The study began with sequential partitioning to obtain the ethyl acetate fraction, followed by FEA-BC formulation at a 1:1 ratio. Apoptosis induction was performed by incubating yeast cells with FEA-BC at concentrations of 5, 10, and 100 ppm. After 24 hours, cultures were plated on nonfermentative medium with minimal glucose, and petite colonies were counted after 48 hours. The analyzed parameters included mitochondrial activity (rhodamine B), cell surface changes (scanning electron microscope), phosphatidylserine externalization (Annexin V/FITC-PI), DNA fragmentation (TUNEL), and apoptosis gene regulation (FSH3, AIF1, and YCA1). Meanwhile, inhibition of human antiapoptotic proteins EGFR and cFLIPs was predicted through molecular docking and dynamics.

The highest FEA-BC concentration (100 ppm) caused mitochondrial damage, indicated by the highest petite colony formation (85%) and decreased mitochondrial fluorescence intensity. This concentration also altered cell surface morphology, stimulated phosphatidylserine externalization, and caused massive DNA damage. The 100 ppm concentration increased the expression of apoptosis-related genes FSH3 (6-fold), AIF1 (2-fold), and YCA1 (3-fold), which regulate apoptosis signaling in yeast cells.
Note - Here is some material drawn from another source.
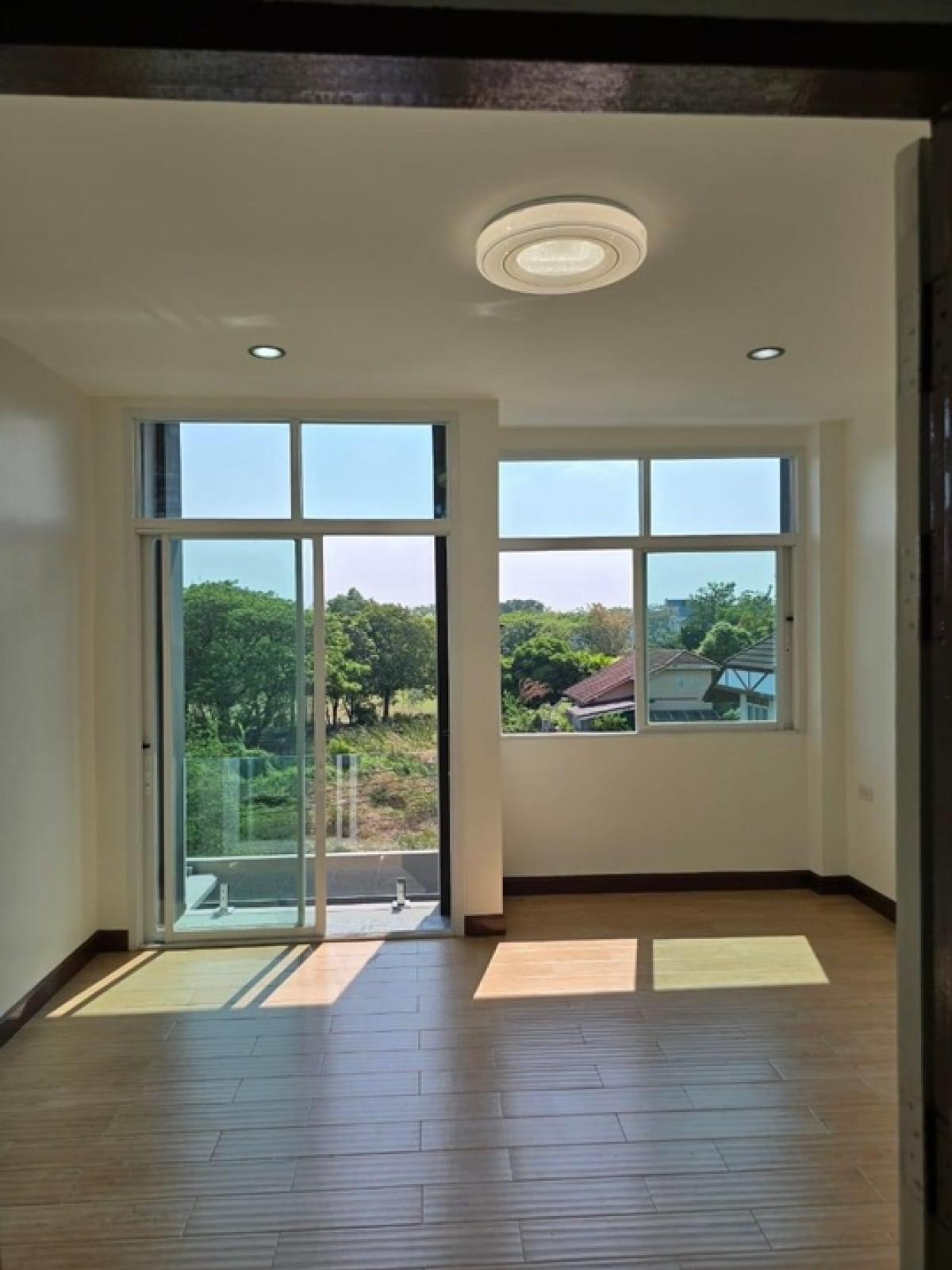 ขายทาวน์โฮมโชคชัย4 ลาดพร้าว71 : 📢👇ขาย Townhome 3 ชั้นราคาถูกที่สุดใน ซอยนาคนิวาส เดินทางสะดวก หลายเส้นทาง เข้าได้ทั้งจากโชคชัย4 และลาดพร้าว 71 , รัชดา, ประดิษฐ์มนูญธรรม เกษตร-นวมินทร์ ห่างสถานีรถไฟฟ้าสายสีเหลืองเพียง 1 กม.ใกล้ห้างเซ็นทรัลอีสวิวเพียง 5 นาที คริลตัสพาร์ค,โฮมโปร,เทสโก้โล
However, lower concentrations (10 and 5 ppm) were still able to induce apoptosis though with lower activity.

In addition, in silico analysis identified 10-hydroxypheophorbide and selaginellate acid as the best EGFR inhibitors, although they showed lower dynamic stability (RMSD >3 Å), while asperglauside and sotetsuflavone, which inhibited cFLIPs, exhibited good stability (RMSD <3 Å). This study concludes that FEA-BC has potential as an anticancer agent by enhancing mitochondrial pathway-mediated apoptosis in yeast model cells in a dose-dependent manner, as evidenced by the fulfillment of apoptosis hallmarks. Furthermore, FEA-BC is predicted to modulate the human extrinsic apoptosis pathway by inhibiting antiapoptotic proteins involved in cancer progression.